- [Exercise]
Please repeat the records below exactly, but only from the line that contains "8732 Lotts Point Rd, Chaumont, NY 13622" onward, ending with the last line.

- [Task inputs]
————————

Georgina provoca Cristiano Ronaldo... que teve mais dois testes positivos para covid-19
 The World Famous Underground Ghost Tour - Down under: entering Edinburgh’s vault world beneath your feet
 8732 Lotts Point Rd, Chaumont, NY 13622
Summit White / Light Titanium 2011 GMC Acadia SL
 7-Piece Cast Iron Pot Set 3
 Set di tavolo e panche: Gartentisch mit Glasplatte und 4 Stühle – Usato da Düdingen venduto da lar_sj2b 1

————————

- [Output]
 8732 Lotts Point Rd, Chaumont, NY 13622
Summit White / Light Titanium 2011 GMC Acadia SL
 7-Piece Cast Iron Pot Set 3
 Set di tavolo e panche: Gartentisch mit Glasplatte und 4 Stühle – Usato da Düdingen venduto da lar_sj2b 1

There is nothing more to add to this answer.